Deputy National Security Adviser Denis McDonough is expected to be named the next White House chief of staff, replacing Jack Lew after his nomination to be treasury secretary, sources familiar with the matter tell Reuters.

McDonough, a longtime Obama foreign policy adviser who worked on the 2008 campaign, would bring a strong working relationship and long history with the president to the job.

Two associates of McDonough told Reuters they would be surprised if he did not land the position, though administration officials have indicated it is not a done deal.

An announcement is expected soon.

McDonough, a foreign policy expert, would have a broad domestic portfolio as chief of staff. President Barack Obama has identified deficit reduction, immigration reform and gun control as his top policy priorities for the first year of his second term.

Rob Nabors, the White House director of legislative affairs who was a critical player in the "fiscal cliff" talks with congressional leaders, is expected to be promoted to deputy chief of staff, according to one source with close ties to the White House. Nabors would replace Nancy-Anne DeParle.

McDonough has been on the White House National Security Council since Obama became president, with stints as National Security Council chief of staff and communications chief before assuming his current role of assistant to the president and deputy national security adviser.

As part of the senior foreign policy team, McDonough has helped shape the administration’s response to Iran's nuclear ambitions, the uprisings in Arab nations and the winding down of the Iraq and Afghanistan wars, The Wall Street Journal notes.

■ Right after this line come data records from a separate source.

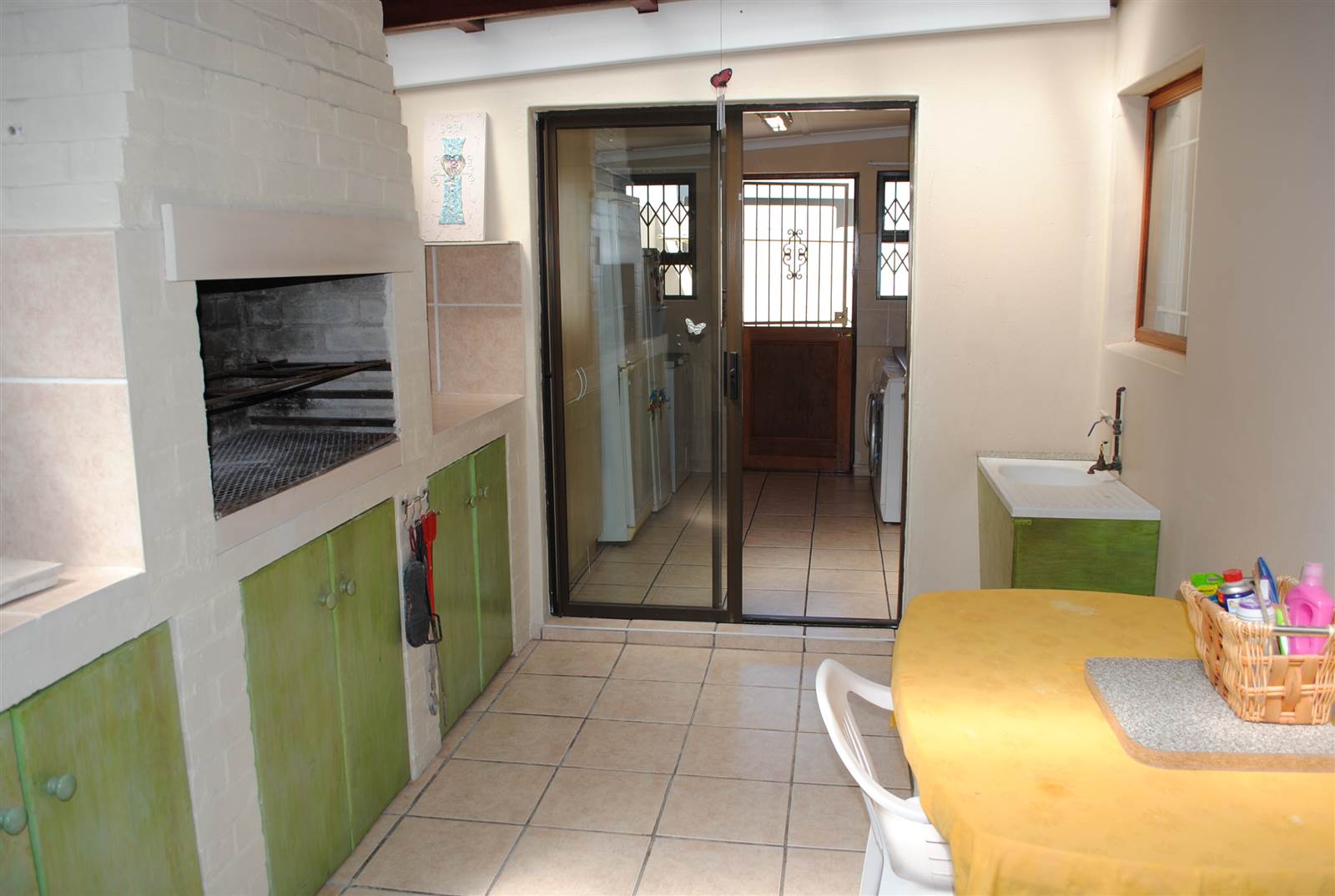 2 Bed House in Middedorp photo number 20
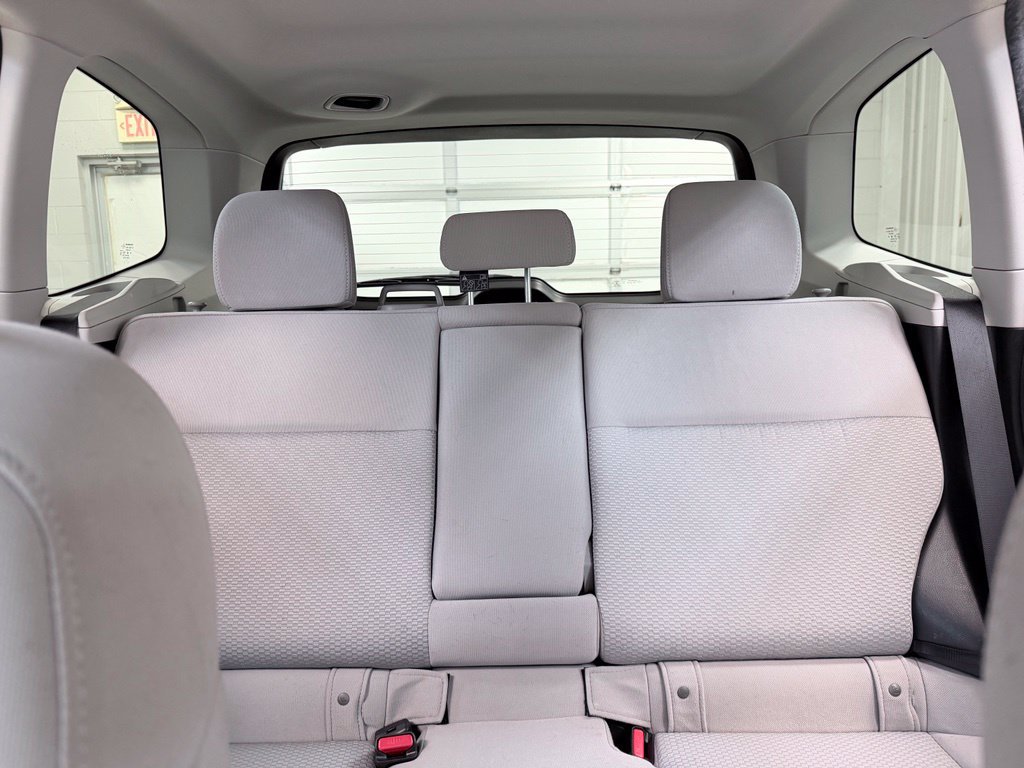 Used 2015 Subaru Forester 2.5i Premium w/ All-Weather Package AWD/4WD image 16
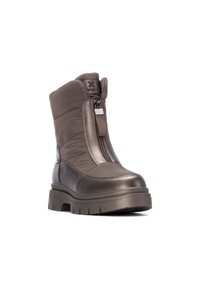 Stivali invernali grigio scuro con una parte superiore imbottita, chiusura con zip e suola in gomma spessa con un design testurizzato e un modello di battistrada moderato.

"Denis is the perfect choice for the second term for two important reasons," former Senate Majority Leader Tom Daschle, D-S.D., who once employed him in his Senate office, told the Journal. "First, I doubt that there is anyone the president trusts more. Second, as a result, he comes to the position with enormous authority and credibility. That will serve him very well as he works with Congress, the Cabinet and virtually everyone else."